- **Exercise goal**
Pictures excluded, copy all of the data below exactly.

[[ Recorded data, beginning ]]

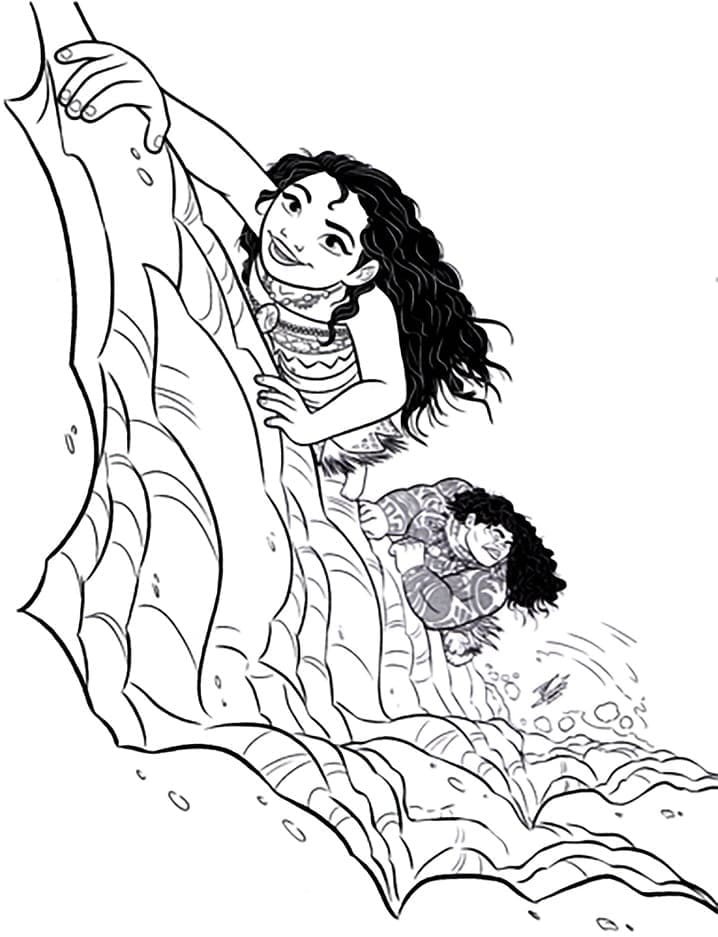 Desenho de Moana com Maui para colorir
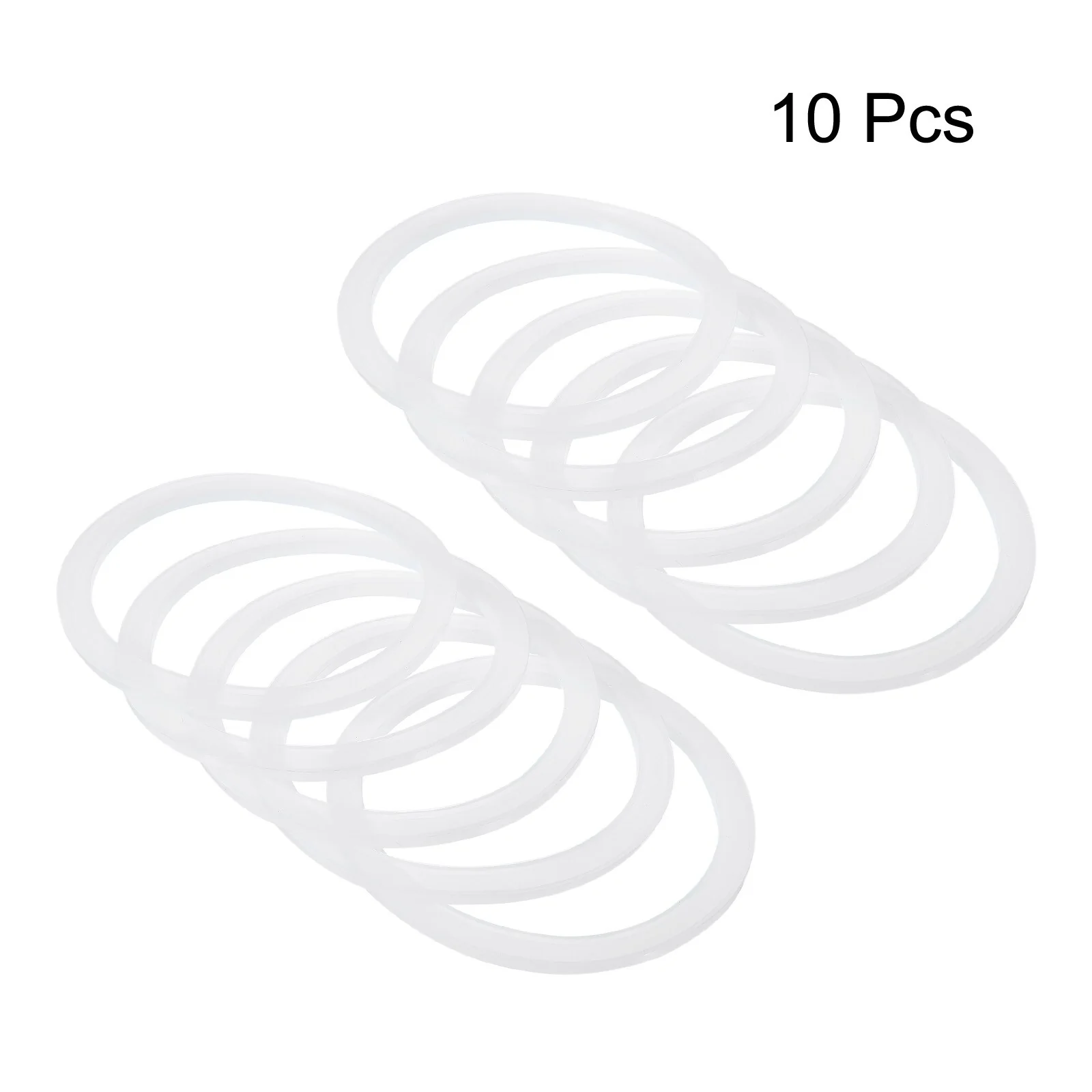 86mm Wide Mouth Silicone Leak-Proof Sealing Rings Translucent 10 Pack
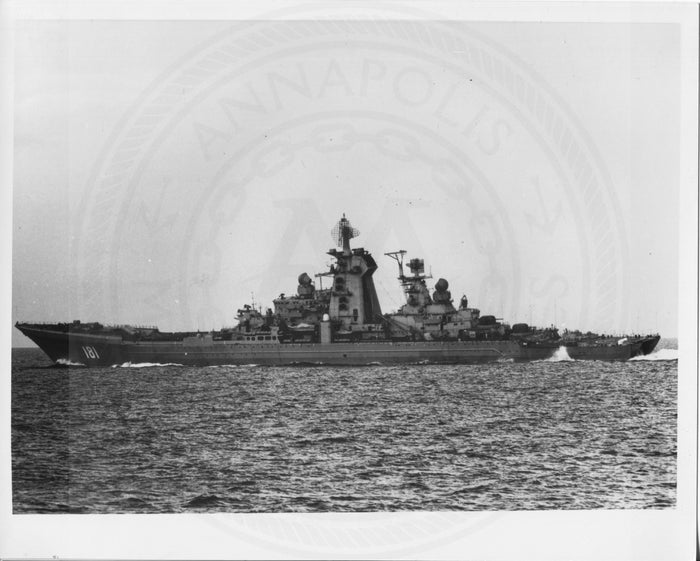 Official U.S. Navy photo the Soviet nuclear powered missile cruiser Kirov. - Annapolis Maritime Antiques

[[ Recorded data, end ]]

- **Response for this exercise**
 Desenho de Moana com Maui para colorir
 86mm Wide Mouth Silicone Leak-Proof Sealing Rings Translucent 10 Pack
 Official U.S. Navy photo the Soviet nuclear powered missile cruiser Kirov. - Annapolis Maritime Antiques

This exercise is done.